[Short text fragments from websites]

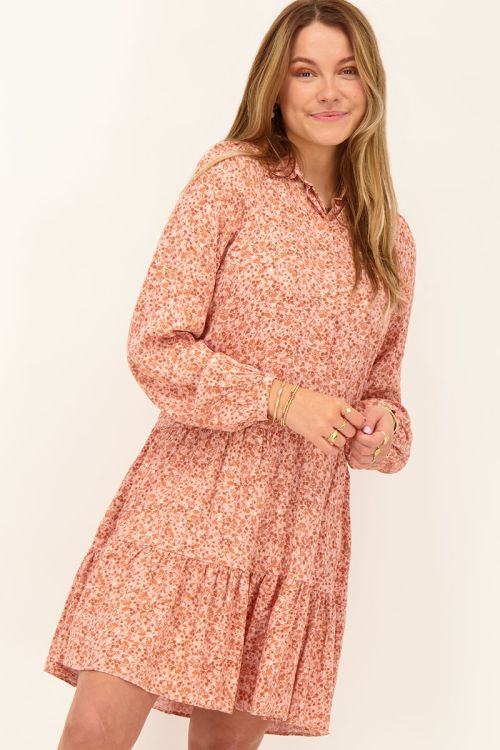 Roze jurk met bloemenprint & ruffle
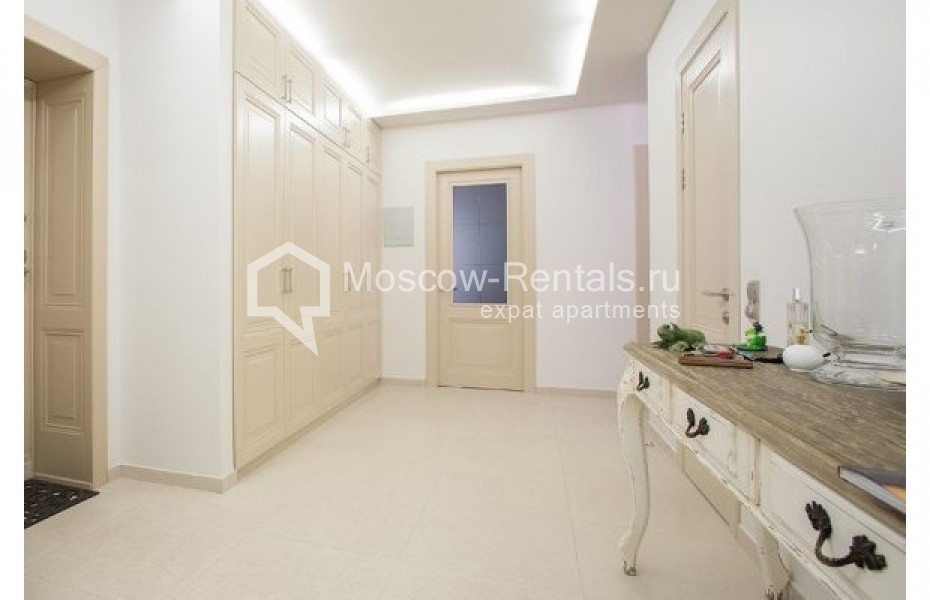 Photo #11 4-room (3 BR) apartment for <a href="http://moscow-rentals.ru/en/articles/long-term-rent" target="_blank">a long-term</a> rent
 in Russia, Moscow, Leontievskyi lane, 15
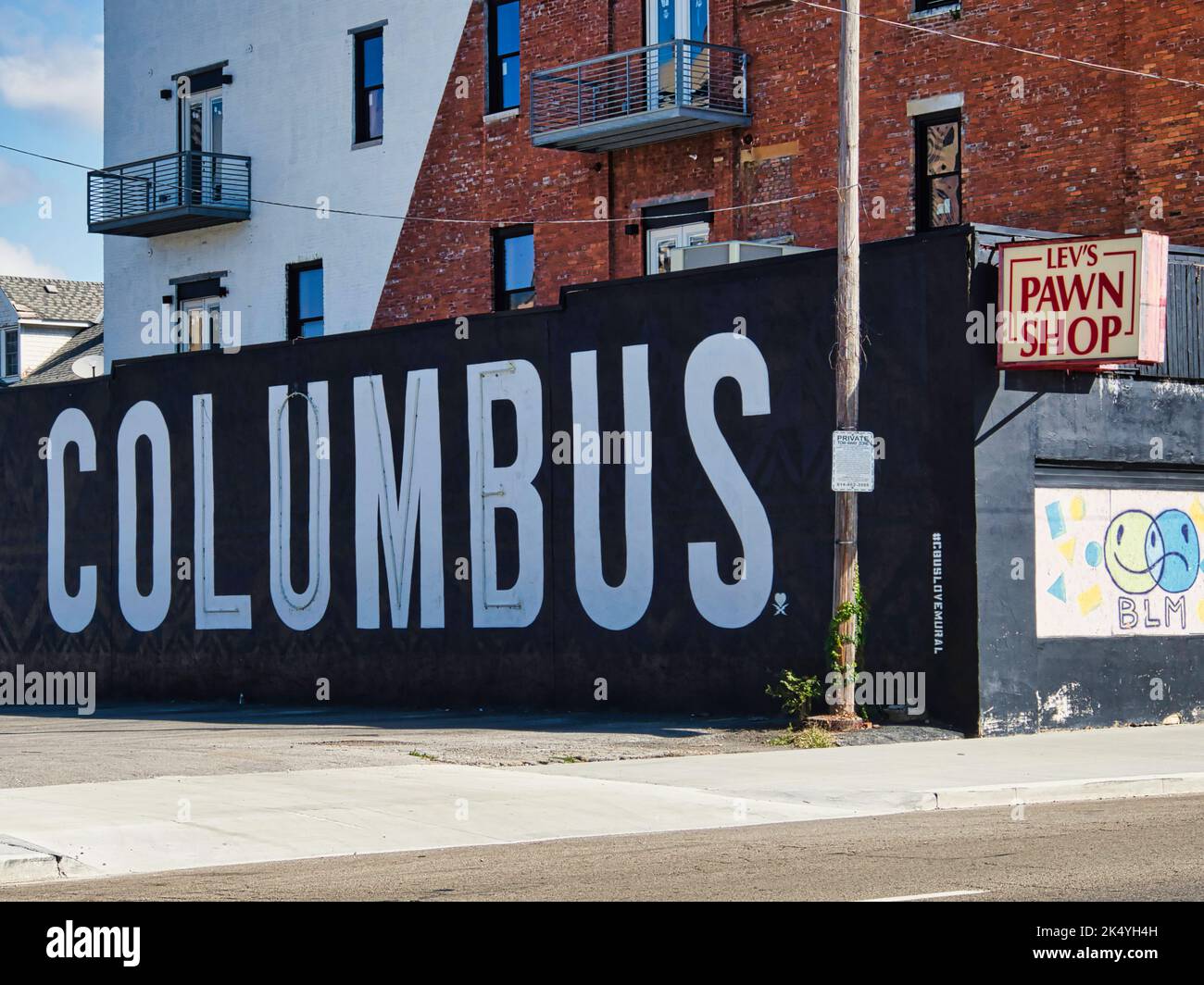 « Columbus » peint sur le côté d'un magasin de pion avec un panneau BLM Columbus Ohio Banque D'Images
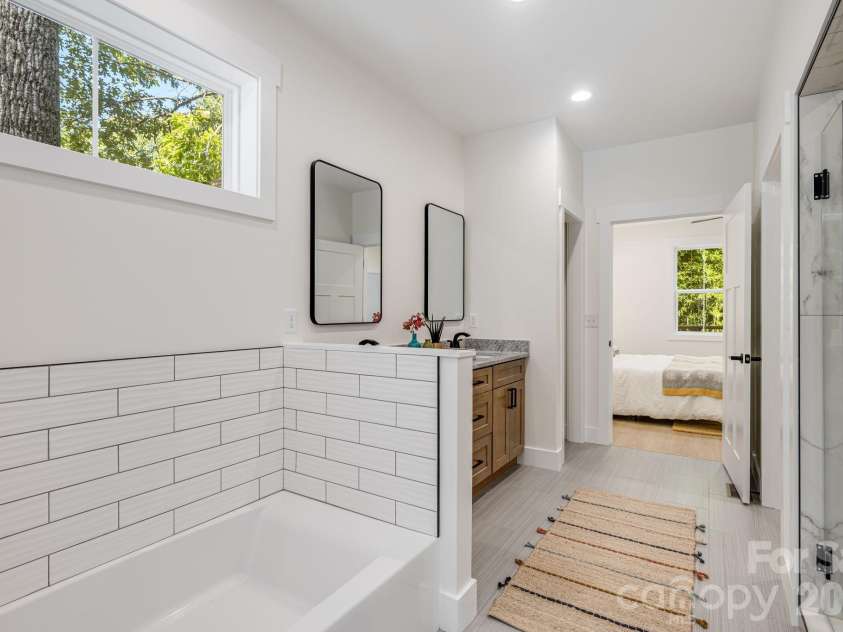 133 Appalachian Way, Asheville, NC 28806.  MLS# CAR4325107, YatesRealty ID 10443. 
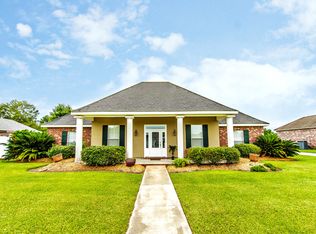 199 Tigerlily Dr, Houma, LA 70360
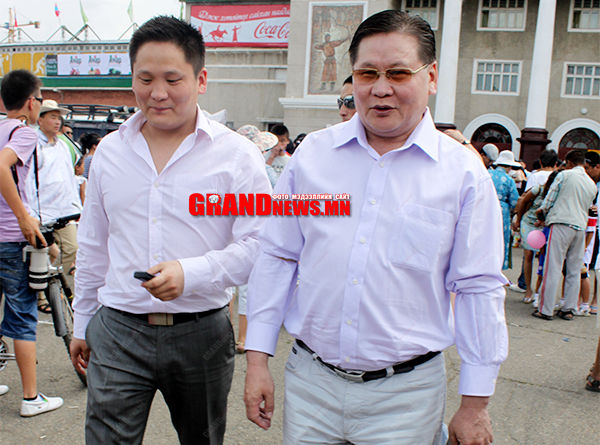 Ө.Энхтүвшин ба Марафонд гүйгсэд 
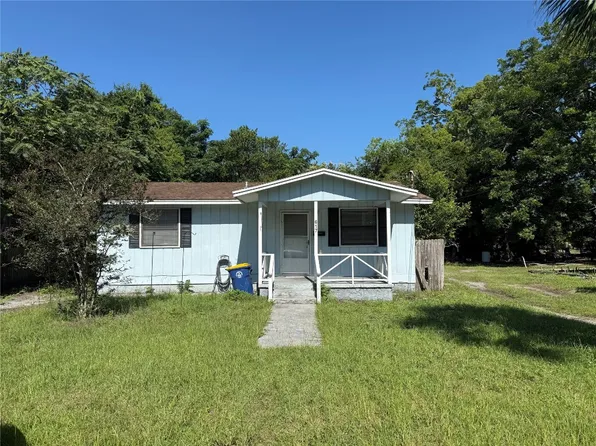 617 S 9th St, Fernandina Beach, FL 32034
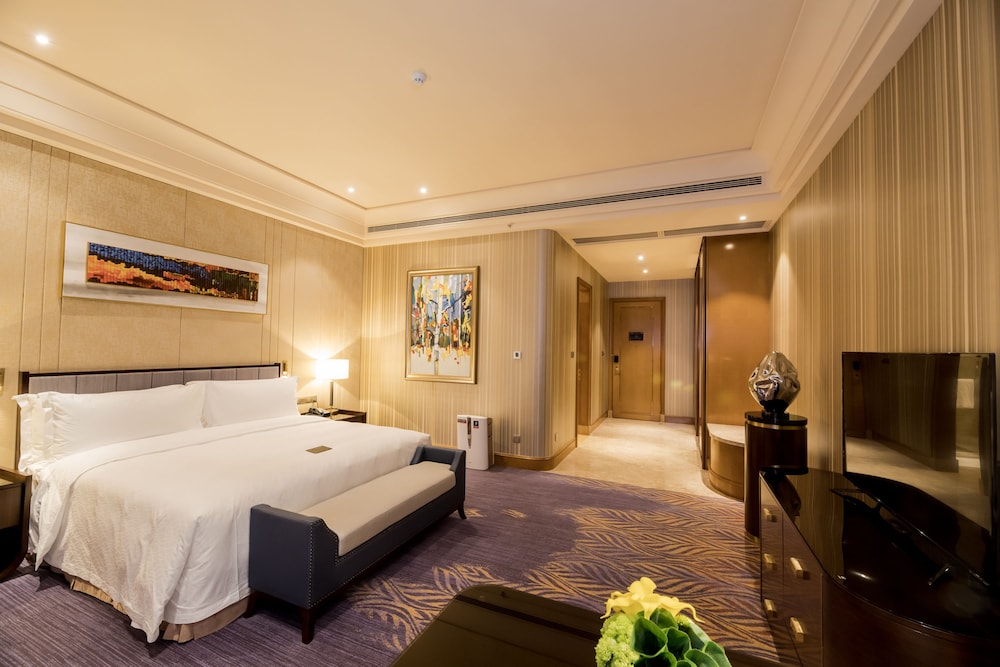 Deluxe Sea View Room with King Size Bed - Photo 1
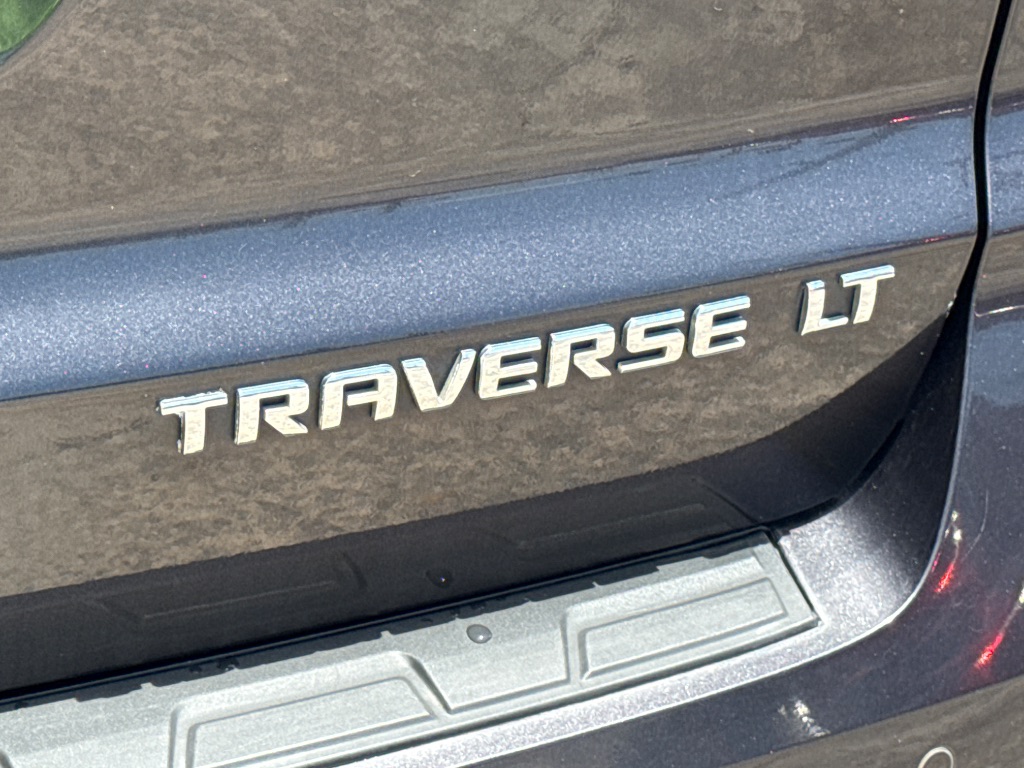 2013 Chevrolet Traverse LT photo
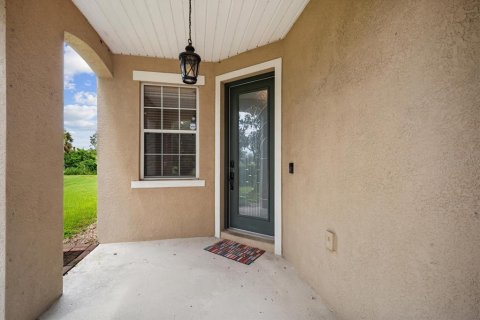 House in Gibsonton, Florida 4 bedrooms, 251.02 sq.m. № 1914820 - photo 3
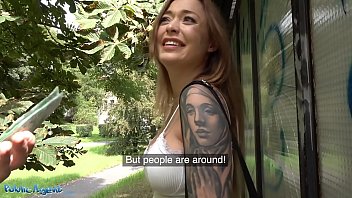 Gadis Seksi Rusia Misha Maver Digoda Di Terowongan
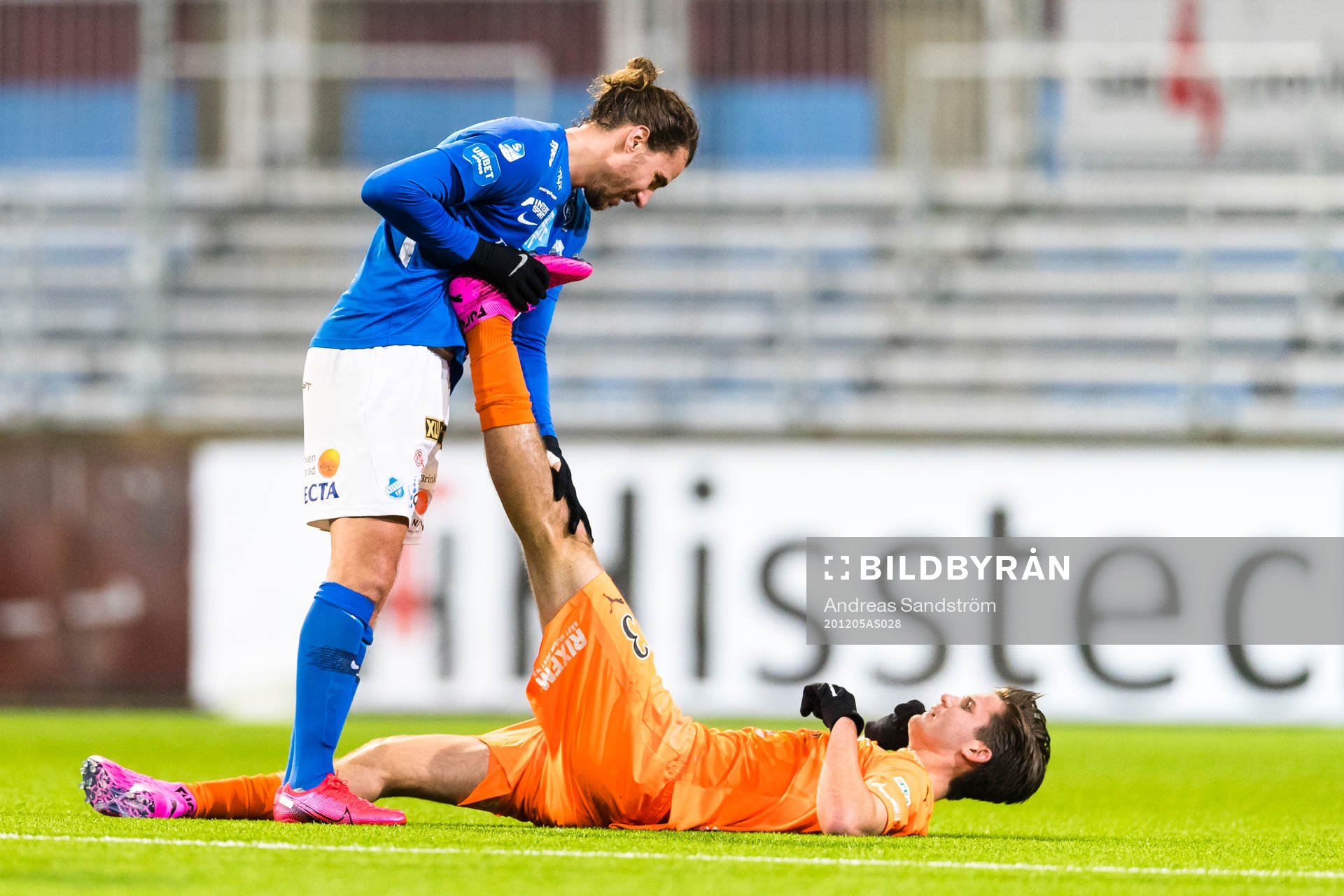 AFC Eskilstunas Wilhelm Loeper får hjälp av Norrbys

Work order: The output must match the records word for word, except that no pictures appear.

Solution for this task:
 Roze jurk met bloemenprint & ruffle
 Photo #11 4-room (3 BR) apartment for <a href="http://moscow-rentals.ru/en/articles/long-term-rent" target="_blank">a long-term</a> rent
 in Russia, Moscow, Leontievskyi lane, 15
 « Columbus » peint sur le côté d'un magasin de pion avec un panneau BLM Columbus Ohio Banque D'Images
 133 Appalachian Way, Asheville, NC 28806.  MLS# CAR4325107, YatesRealty ID 10443. 
 199 Tigerlily Dr, Houma, LA 70360
 Ө.Энхтүвшин ба Марафонд гүйгсэд 
 617 S 9th St, Fernandina Beach, FL 32034
 Deluxe Sea View Room with King Size Bed - Photo 1
 2013 Chevrolet Traverse LT photo
 House in Gibsonton, Florida 4 bedrooms, 251.02 sq.m. № 1914820 - photo 3
 Gadis Seksi Rusia Misha Maver Digoda Di Terowongan
 AFC Eskilstunas Wilhelm Loeper får hjälp av Norrbys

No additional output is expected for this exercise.